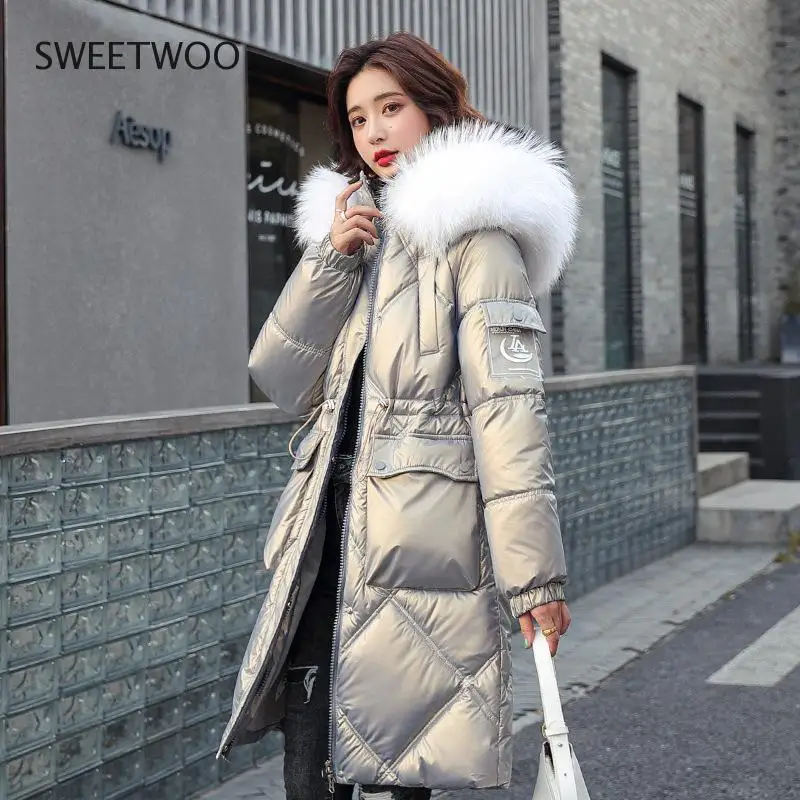 2022 Winter Down Padded Jacket Female Korean Long Overcoat Casual Adjustable Waist White Fur Collar Hooded Women Snow Coat Parka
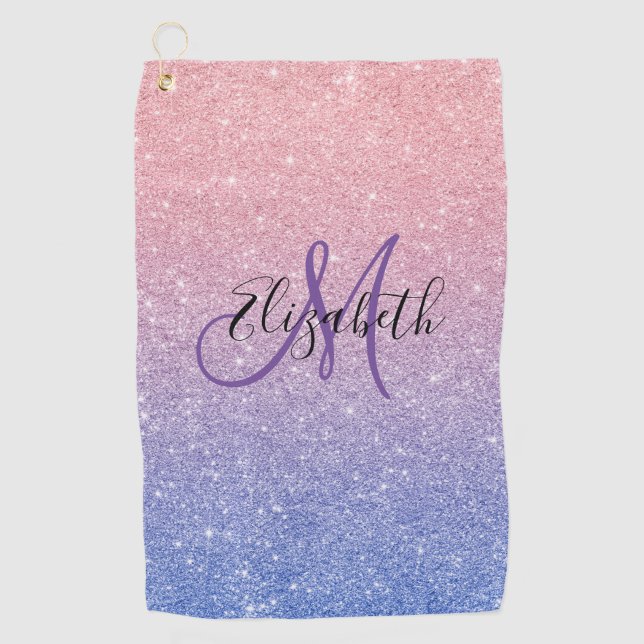 Serviette De Golf Parties scintillant Ombre Tendance Monogram Cadeau (Devant)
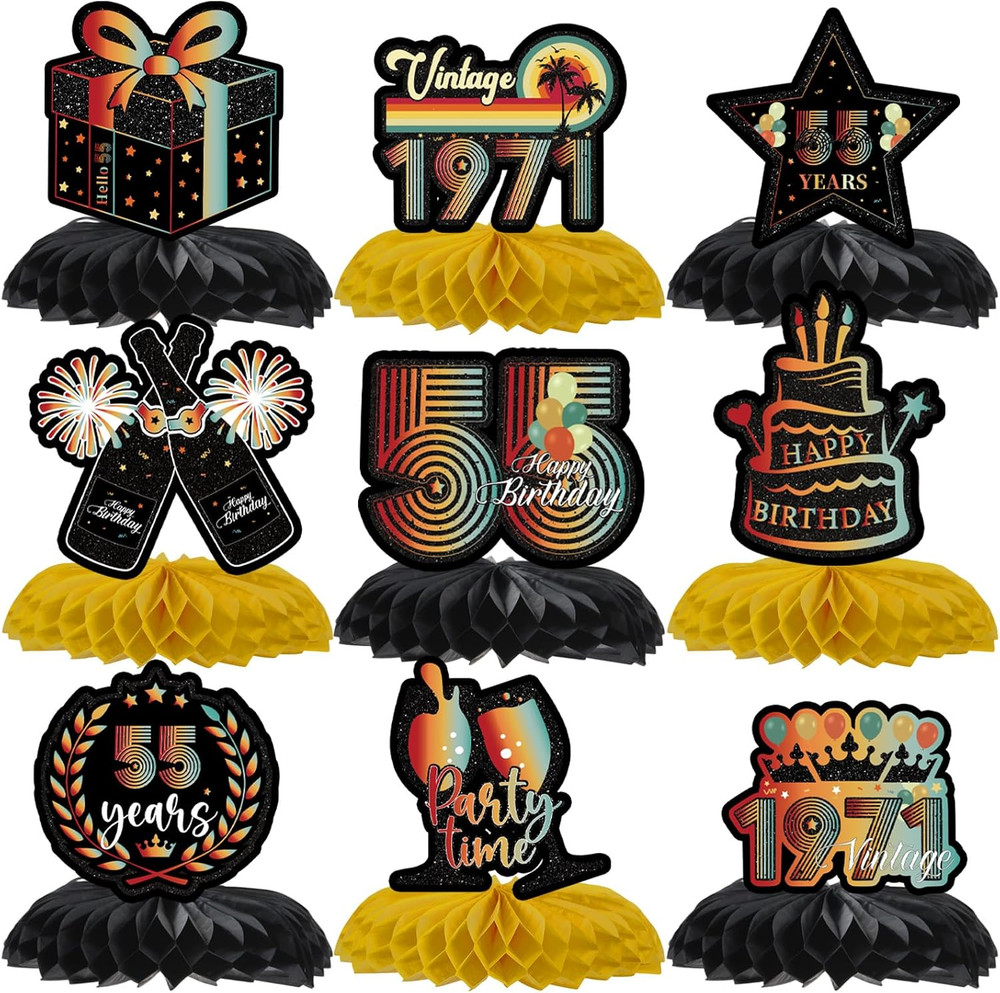 Vintage 55Th Birthday Decorations – 9 Pcs Retro Sunset Party Paper Table Honeyco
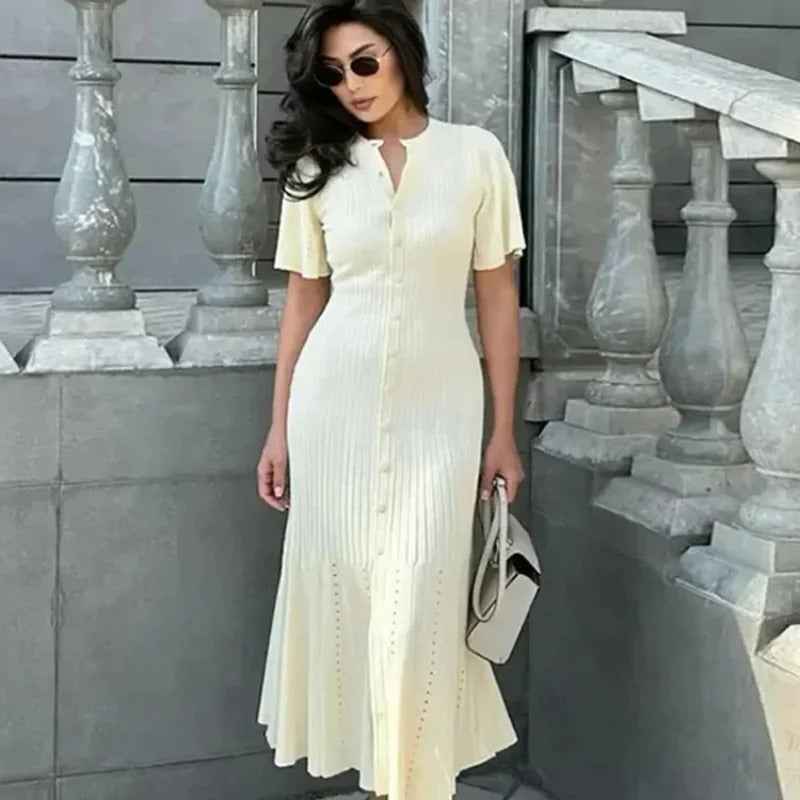 Elegant Knitted Ribbed Long Dress Women Slim Wave O-neck Short Sleeve Hip Package Dresses Female 2024 Summer Lady  Robe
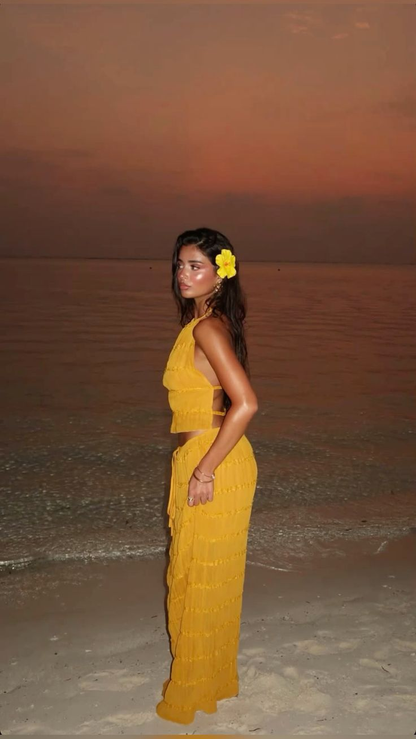 Sexy Halter Chiffon Backless Party Dress,Orange Long Vacation Dresses Two Piece S185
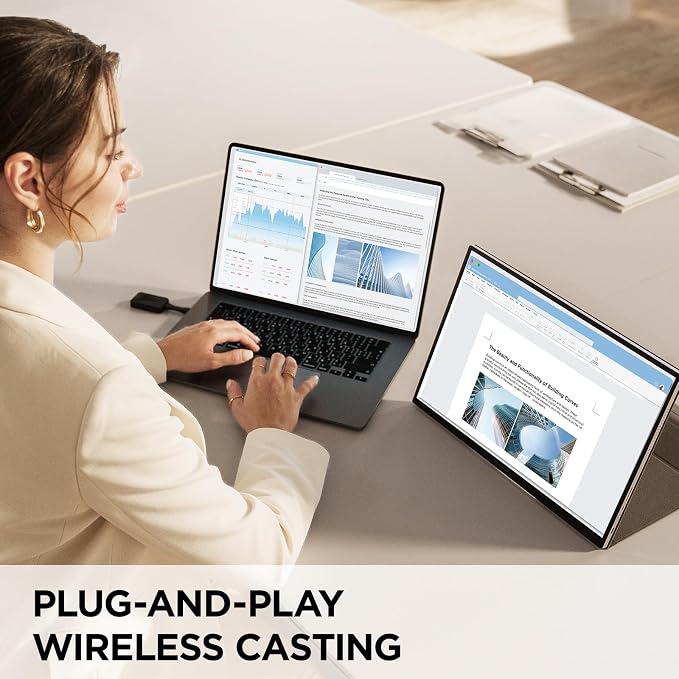 ViewSonic VG1656N 16 Inch 1200p Wireless Portable Monitor, IPS for Improved Workflows and Second Screen Productivity, Built-in Stand and Battery, 60W USB-C, and WiFi Dongle Inputs - Image 3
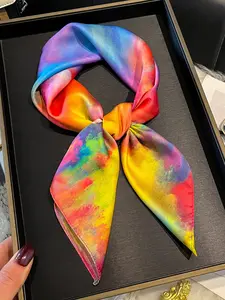 Women's Elegant Multicolor Square Scarf, Fashionable Soft Comfortable Hairband, Suitable for All Seasons and Occasions, Stylish Accessory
· · ·
What the task asks – Each record above is to be written out exactly; the pictures are not.

Your response –
 2022 Winter Down Padded Jacket Female Korean Long Overcoat Casual Adjustable Waist White Fur Collar Hooded Women Snow Coat Parka
 Serviette De Golf Parties scintillant Ombre Tendance Monogram Cadeau (Devant)
 Vintage 55Th Birthday Decorations – 9 Pcs Retro Sunset Party Paper Table Honeyco
 Elegant Knitted Ribbed Long Dress Women Slim Wave O-neck Short Sleeve Hip Package Dresses Female 2024 Summer Lady  Robe
 Sexy Halter Chiffon Backless Party Dress,Orange Long Vacation Dresses Two Piece S185
 ViewSonic VG1656N 16 Inch 1200p Wireless Portable Monitor, IPS for Improved Workflows and Second Screen Productivity, Built-in Stand and Battery, 60W USB-C, and WiFi Dongle Inputs - Image 3
 Women's Elegant Multicolor Square Scarf, Fashionable Soft Comfortable Hairband, Suitable for All Seasons and Occasions, Stylish Accessory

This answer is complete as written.